600,000 12- to 15-Year-Olds Have Been Vaccinated, CDC Says

Ralph Ellis

May 19, 2021

Editor's note: Find the latest COVID-19 news and guidance in Medscape's Coronavirus Resource Center.

May 19, 2021 ― More than 600,000 children aged 12 to 15 have been vaccinated against COVID-19, CDC Director Rochelle Walensky, MD, said Tuesday during an update on the national vaccination program.

All of those vaccinations have occurred in the week since the CDC authorized the Pfizer/BioNTech vaccine for that age group, Walensky said.

"And in total, more than 3.5 million adolescents age 12 to 17 have been vaccinated so far.My own son was one of them," Walensky said.

The Biden administration is emphasizing adolescent vaccinations as a new priority and a key to returning the nation to normality.

"My message to young people, of course, is simple: ‘Get vaccinated.'Whether you're a graduate, still in high school, in college, just out, or more than a little bit out, it's the most important thing you can do right now," Andy Slavitt, a COVID-19 adviser to the administration, said at the briefing.

So far, only Pfizer's vaccine can be given to people younger than 18. The Pfizer vaccine was originally authorized for people 16 and up in December and May 12 for people 12 to 15.

The Moderna and Johnson & Johnson vaccines are only authorized for people 18 and up.
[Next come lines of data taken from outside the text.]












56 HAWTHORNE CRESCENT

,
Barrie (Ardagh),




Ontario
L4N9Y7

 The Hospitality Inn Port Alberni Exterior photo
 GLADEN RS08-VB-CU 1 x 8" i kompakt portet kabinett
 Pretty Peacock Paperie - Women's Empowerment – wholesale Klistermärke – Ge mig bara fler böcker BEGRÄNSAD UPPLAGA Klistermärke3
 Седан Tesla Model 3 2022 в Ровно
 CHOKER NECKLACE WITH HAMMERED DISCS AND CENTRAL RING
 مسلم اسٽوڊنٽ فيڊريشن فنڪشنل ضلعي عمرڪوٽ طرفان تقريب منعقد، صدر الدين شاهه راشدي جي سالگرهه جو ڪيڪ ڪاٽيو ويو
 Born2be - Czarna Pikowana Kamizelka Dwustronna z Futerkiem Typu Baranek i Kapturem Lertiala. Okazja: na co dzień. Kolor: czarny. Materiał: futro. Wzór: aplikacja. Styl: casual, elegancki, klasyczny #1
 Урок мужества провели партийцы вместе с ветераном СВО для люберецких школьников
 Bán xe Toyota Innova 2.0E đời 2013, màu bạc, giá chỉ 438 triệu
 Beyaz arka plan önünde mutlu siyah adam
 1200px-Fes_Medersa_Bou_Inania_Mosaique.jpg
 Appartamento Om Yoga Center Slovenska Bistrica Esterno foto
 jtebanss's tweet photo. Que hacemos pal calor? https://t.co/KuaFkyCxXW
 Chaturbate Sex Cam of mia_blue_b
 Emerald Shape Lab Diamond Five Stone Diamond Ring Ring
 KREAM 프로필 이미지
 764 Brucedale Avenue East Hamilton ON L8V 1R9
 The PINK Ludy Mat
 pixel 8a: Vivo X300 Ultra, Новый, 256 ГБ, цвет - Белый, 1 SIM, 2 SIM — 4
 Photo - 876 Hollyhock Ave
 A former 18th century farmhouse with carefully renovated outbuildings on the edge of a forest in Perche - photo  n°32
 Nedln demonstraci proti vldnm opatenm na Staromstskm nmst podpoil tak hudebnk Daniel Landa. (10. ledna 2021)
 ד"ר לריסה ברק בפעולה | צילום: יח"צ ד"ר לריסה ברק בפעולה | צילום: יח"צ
Moderna and J&J say they're developing vaccines for younger people.

Walensky cited other encouraging statistics.

  • On Monday, the CDC reported 17,724 new cases of COVID-19 — the lowest number since last June.

  • The 7-day average of hospital admissions is 3,500, a decrease of almost 18% from the prior 7-day period.

  • The 7-day average of daily deaths have declined to 546 per day, the lowest number since March 2020 during the first wave of the pandemic.

"We should all have cautious optimism," Walensky said. "Cases have continued to decrease and have not been this low since spring of last year.Hospital admissions are down, deaths are down, and we are vaccinating between 1.5 million and 2 million people per day."

Texas, Arizona, Minnesota, and Massachusetts have reported zero daily deaths for the first time since March 2020, Axios reported.

Though COVID cases are down in every state, some states are still struggling. A Mayo Clinic map of COVID hotspots showed that the most cases per 100,000 people were reported in Alabama (24), Colorado (21), and Michigan (19).

Johns Hopkins University says the United States is still reporting the most confirmed COVID cases (almost 33 million) and the most COVID-related deaths (more than 587,000) in the world.

Sources

White House COVID-19 Response Team press briefing, May 18, 2021.

Axios: "Several states report zero COVID deaths for the first time in months"

Mayo Clinic: "Hot Spots in the United States"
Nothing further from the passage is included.